Data entries

━━━━━━━━━━━━━━━━━━━━━━━━━━━━━━

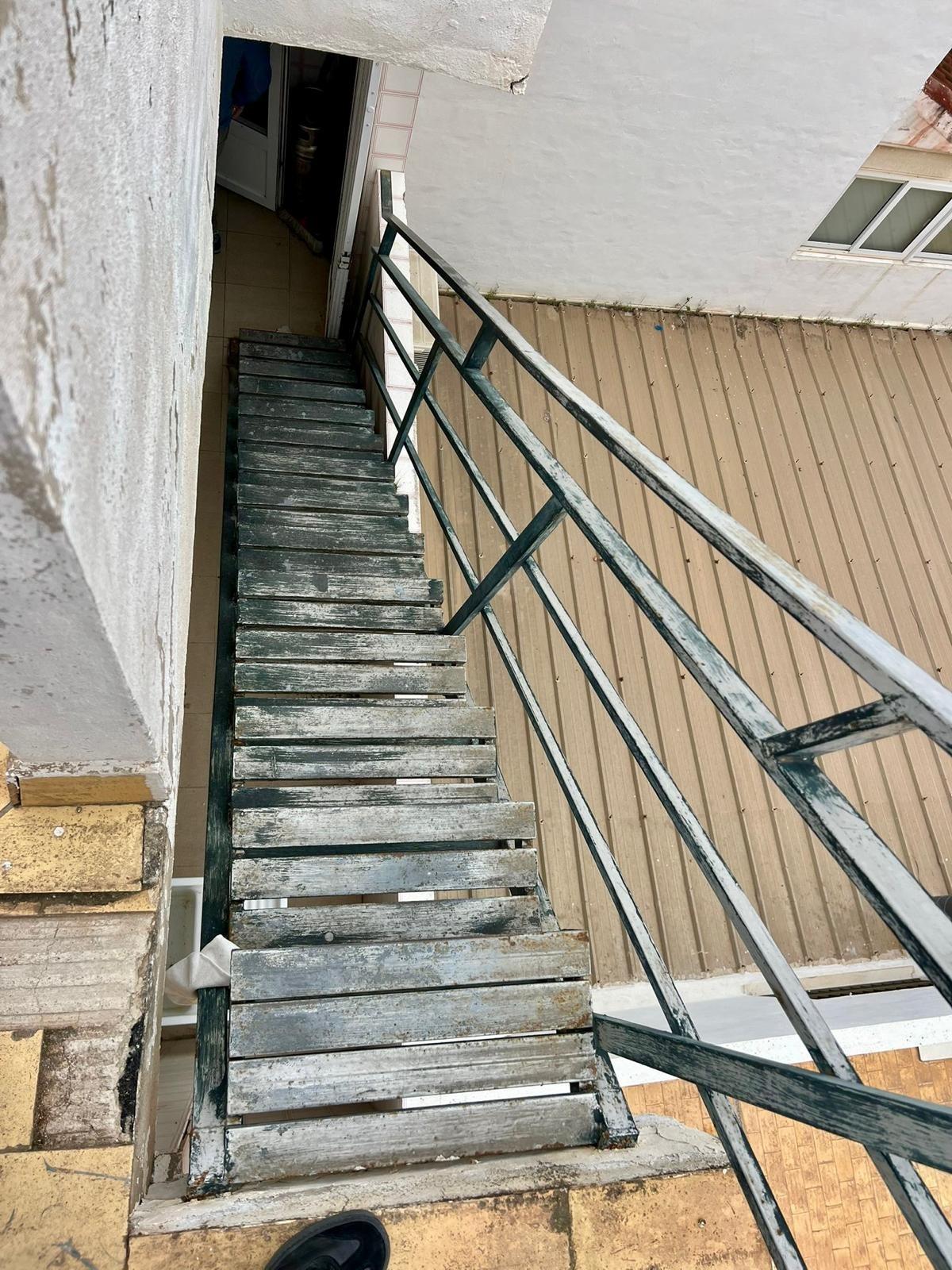 Apartment for sale in Torrevieja, Alicante, Spain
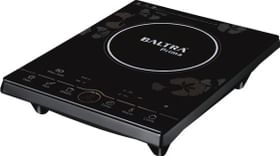 Baltra BIC-108 Induction Cooktop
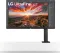 LG UltraFine 32UN880 31.5 inch UHD 4K IPS Monitor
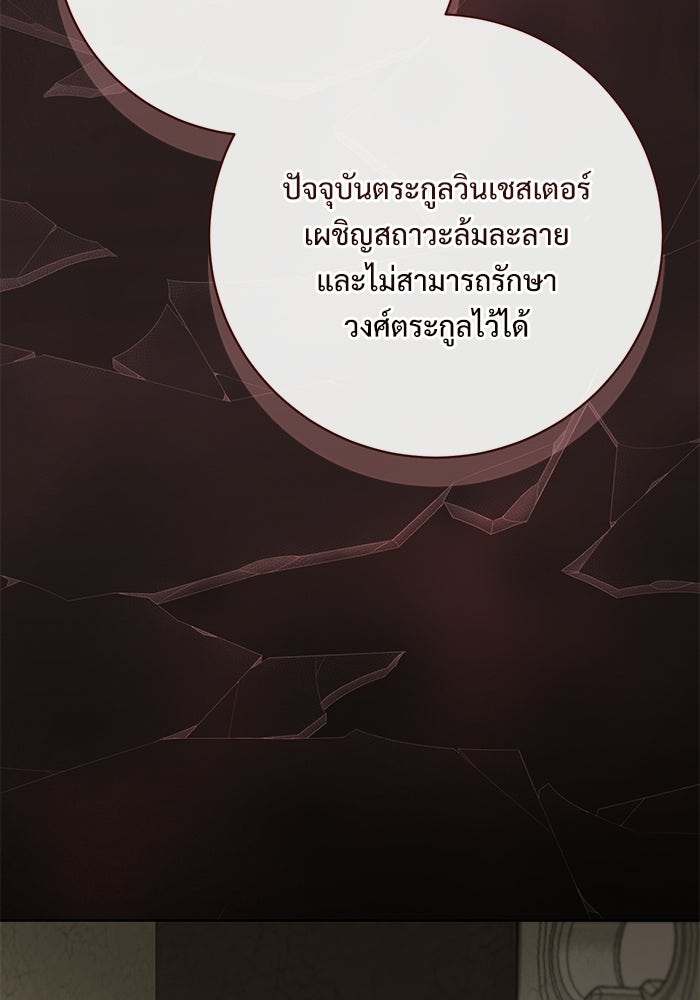 แด่ชู้รักของสามี - หน้า 74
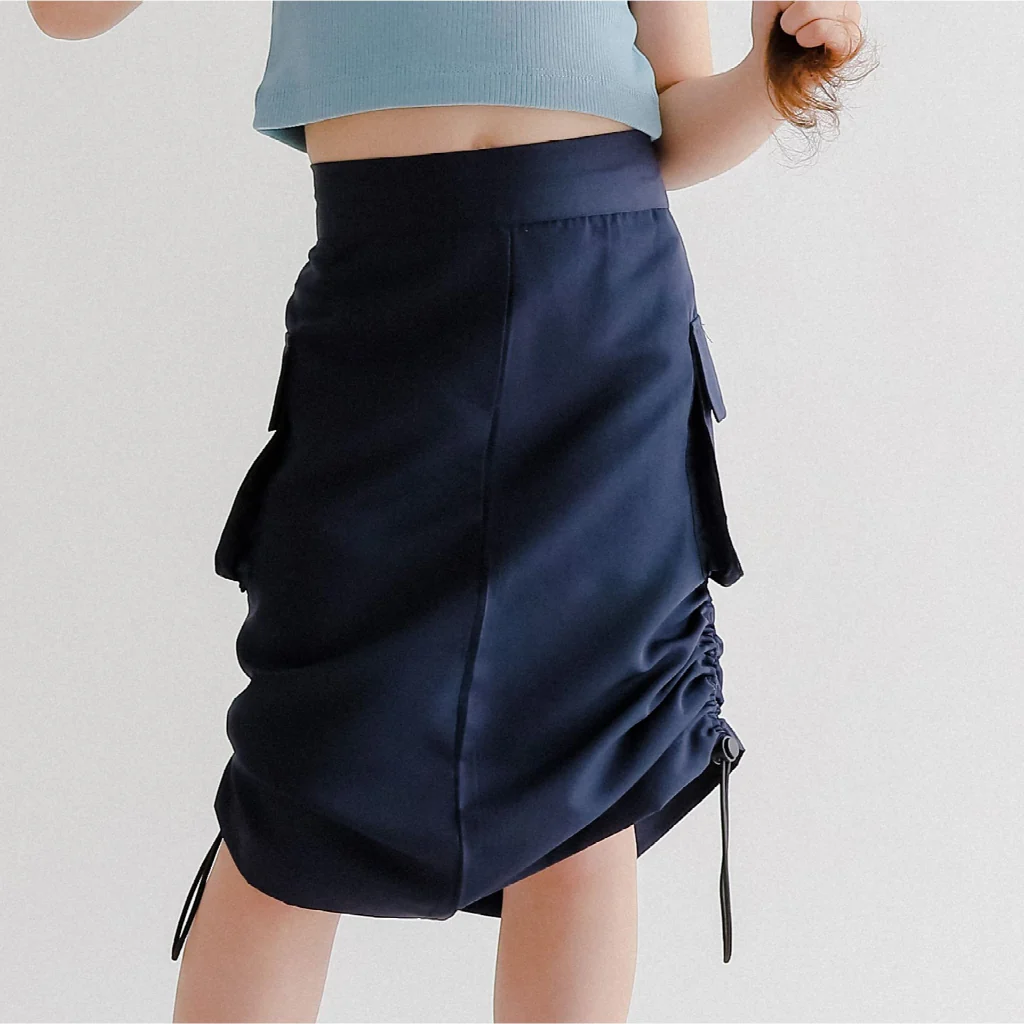 Queena Skirt - Image 6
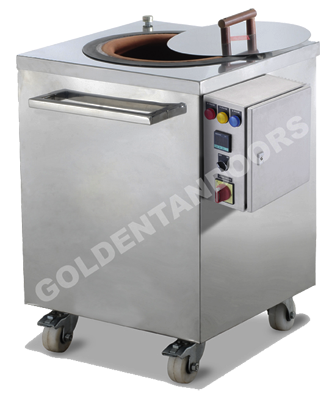 https://www.goldentandoors.com.au/user/pages/04.professional-tandoors/professional-electric-tandoors/electric_tandoor_side_panel.png?g-07419e45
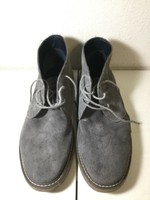 joseph abboud men's thomas chukka boots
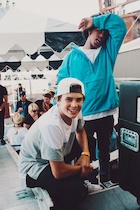 Hayes Grier : hayes-grier-1439941801.jpg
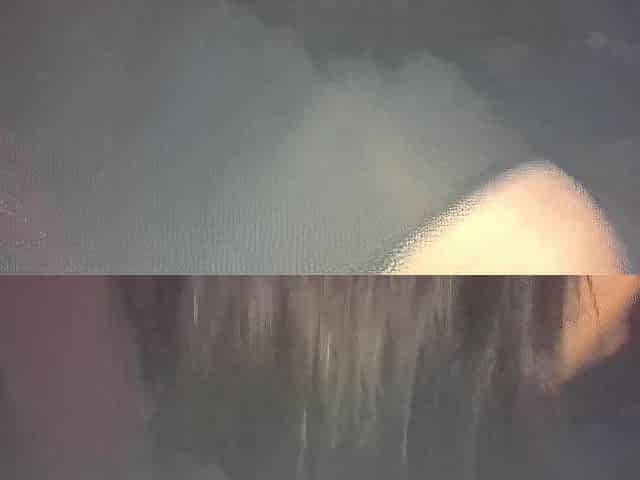 I suck a chap knob in club public crapper and get my booty banged at home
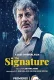 The Signature 2024 Hindi Movie HDRip Download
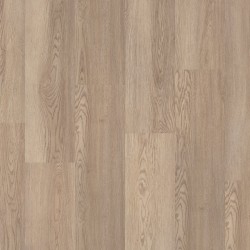Кварцвиниловый SPC ламинат Tarkett Art Vinyl Element Click Cappuccino Oak 277018002 1220×200,8×3,85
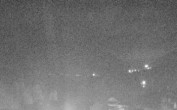Archiv Foto Webcam Landhaus Goms - Münster 03:00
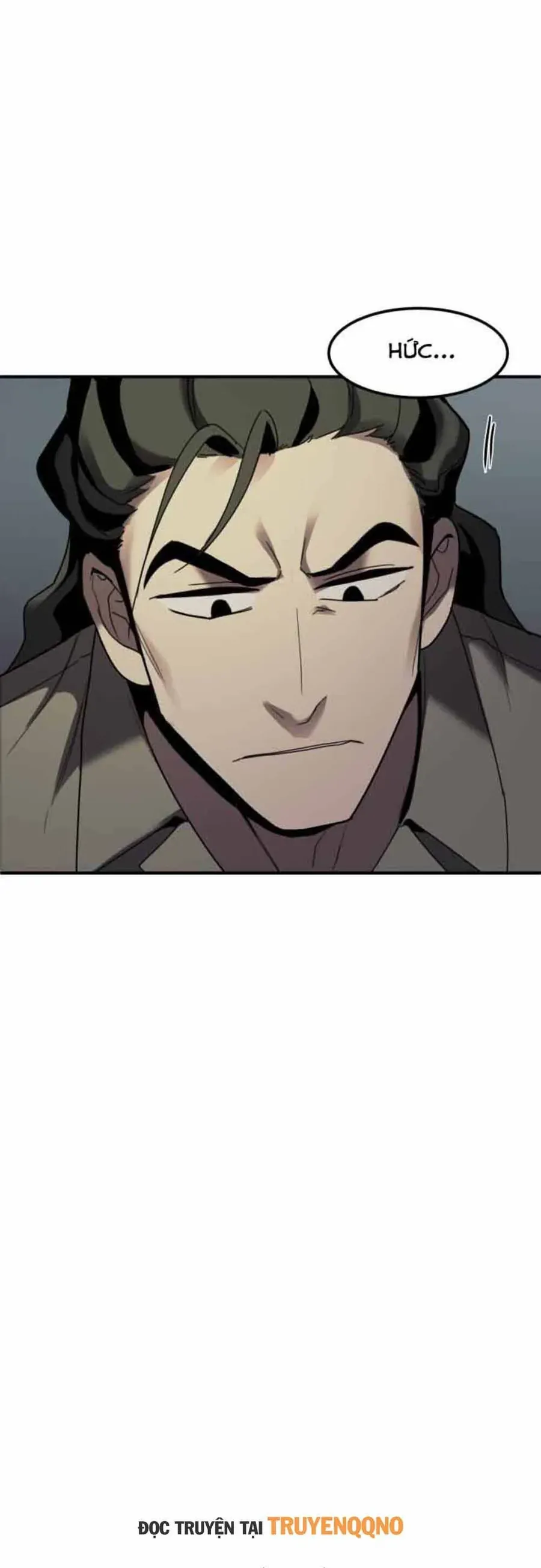 Quái Vật Sau Cánh Cửa Chap 7.7 - Next Chap 8.7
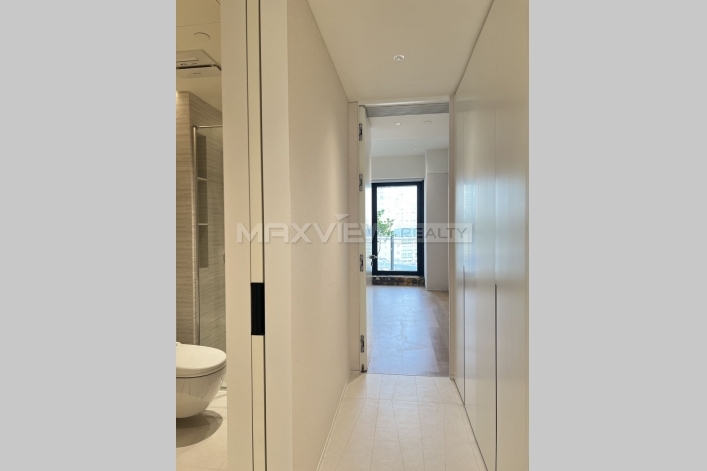 VANKE NAVA 万科NAVA&nbsp;2bedroom&nbsp;259sqm&nbsp;&yen;55,000&nbsp;BJ0008092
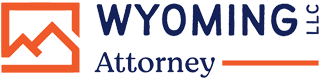 Wyoming LLC Attorney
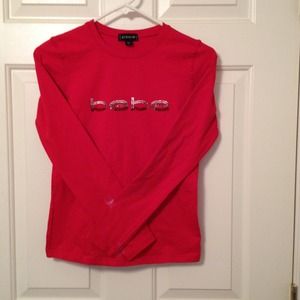 Bebe T-Shirt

━━━━━━━━━━━━━━━━━━━━━━━━━━━━━━

WHAT YOU ARE ASKED TO DO: Copy the data precisely. Skip every picture.

EXERCISE ANSWER:
 Apartment for sale in Torrevieja, Alicante, Spain
 Baltra BIC-108 Induction Cooktop
 LG UltraFine 32UN880 31.5 inch UHD 4K IPS Monitor
 แด่ชู้รักของสามี - หน้า 74
 Queena Skirt - Image 6
 https://www.goldentandoors.com.au/user/pages/04.professional-tandoors/professional-electric-tandoors/electric_tandoor_side_panel.png?g-07419e45
 joseph abboud men's thomas chukka boots
 Hayes Grier : hayes-grier-1439941801.jpg
 I suck a chap knob in club public crapper and get my booty banged at home
 The Signature 2024 Hindi Movie HDRip Download
Кварцвиниловый SPC ламинат Tarkett Art Vinyl Element Click Cappuccino Oak 277018002 1220×200,8×3,85
Archiv Foto Webcam Landhaus Goms - Münster 03:00
 Quái Vật Sau Cánh Cửa Chap 7.7 - Next Chap 8.7
 VANKE NAVA 万科NAVA&nbsp;2bedroom&nbsp;259sqm&nbsp;&yen;55,000&nbsp;BJ0008092
 Wyoming LLC Attorney
 Bebe T-Shirt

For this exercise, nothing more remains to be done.